The A3BC access application process will be entirely on-line via the A3BC website, with all communications relating to each application retained in a comprehensive file. The A3BC access process can be summarised by the following 4 steps:

  1. Registration of approved researchers (1 week):
    • The identity of applicants is verified through the online system and the National Biobank Director registers them as an approved A3BC researcher.
    • Each applying user only needs to be registered once and then simply confirms (or amends) their details for future application(s).
  2. Preliminary (pre-HREC) application (2-4 weeks):
    • The approved researcher completes an online EOI form regarding the samples and/or data they wish to access.
    • The Consortium Committee (CC) assess the type and number of samples and/or data sought, based largely on resource sustainability, logistics and cost.
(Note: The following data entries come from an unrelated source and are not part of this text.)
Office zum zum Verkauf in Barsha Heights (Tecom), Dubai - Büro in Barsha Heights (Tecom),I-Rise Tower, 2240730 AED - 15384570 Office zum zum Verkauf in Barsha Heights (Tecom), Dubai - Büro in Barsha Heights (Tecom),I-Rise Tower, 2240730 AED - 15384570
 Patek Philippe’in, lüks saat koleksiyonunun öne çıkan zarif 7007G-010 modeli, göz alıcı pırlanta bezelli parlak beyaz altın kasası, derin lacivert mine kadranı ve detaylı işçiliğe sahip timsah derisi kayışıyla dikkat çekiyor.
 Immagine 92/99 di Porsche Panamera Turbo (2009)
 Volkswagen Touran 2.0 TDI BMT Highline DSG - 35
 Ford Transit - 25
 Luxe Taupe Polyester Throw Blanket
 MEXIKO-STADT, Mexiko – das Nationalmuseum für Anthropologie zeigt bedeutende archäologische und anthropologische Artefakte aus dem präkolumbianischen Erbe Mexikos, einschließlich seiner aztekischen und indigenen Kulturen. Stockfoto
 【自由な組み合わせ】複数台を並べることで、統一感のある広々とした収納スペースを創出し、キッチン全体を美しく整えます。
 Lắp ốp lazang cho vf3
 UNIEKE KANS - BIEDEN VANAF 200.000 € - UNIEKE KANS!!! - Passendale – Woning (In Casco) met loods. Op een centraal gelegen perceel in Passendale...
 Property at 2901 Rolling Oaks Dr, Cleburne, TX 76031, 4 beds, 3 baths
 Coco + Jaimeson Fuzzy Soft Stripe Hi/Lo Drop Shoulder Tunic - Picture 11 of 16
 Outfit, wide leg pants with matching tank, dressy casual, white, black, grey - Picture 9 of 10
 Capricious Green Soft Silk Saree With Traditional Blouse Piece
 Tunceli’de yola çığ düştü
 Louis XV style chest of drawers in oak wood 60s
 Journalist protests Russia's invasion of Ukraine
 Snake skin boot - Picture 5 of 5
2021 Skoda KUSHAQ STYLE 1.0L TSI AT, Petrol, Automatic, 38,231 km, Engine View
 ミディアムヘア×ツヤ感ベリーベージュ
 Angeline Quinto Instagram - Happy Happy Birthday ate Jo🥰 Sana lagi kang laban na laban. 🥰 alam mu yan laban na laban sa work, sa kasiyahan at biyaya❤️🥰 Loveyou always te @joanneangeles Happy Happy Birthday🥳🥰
    • The CC provide preliminary approval for the approved researcher to proceed to main application (based on agreed sample/data types/numbers), firstly through their HREC.
  3. Main (post-HREC approval) application (2-4 weeks):
    • The approved researcher submits their full application online to the A3BC Access Committee, comprised of a brief A3BC Application Form and HREC-approved application.
    • To reduce duplication and potential document disparity, the A3BC prefers HREC-approved application content be submitted as the main A3BC access application.
      • Our preference is that approved researchers use the NHMRC’s Human Research Ethics Application (HREA; https://hrea.gov.au/).
      • The HREC-approved application (HREA) information should include the Curriculum Vitae of the Principal Investigator (two pages maximum), Project Description/Protocol (including approved ethically defensible plan), HREC Approval Letter(s) and Modules for all institutions where the research will be conducted.
  4. MTA and Access Fees (2-4 weeks):
    • The approved applicant works with the A3BC to execute the Material Transfer Agreement (MTA) and finalise all access fees before the release of any samples or data.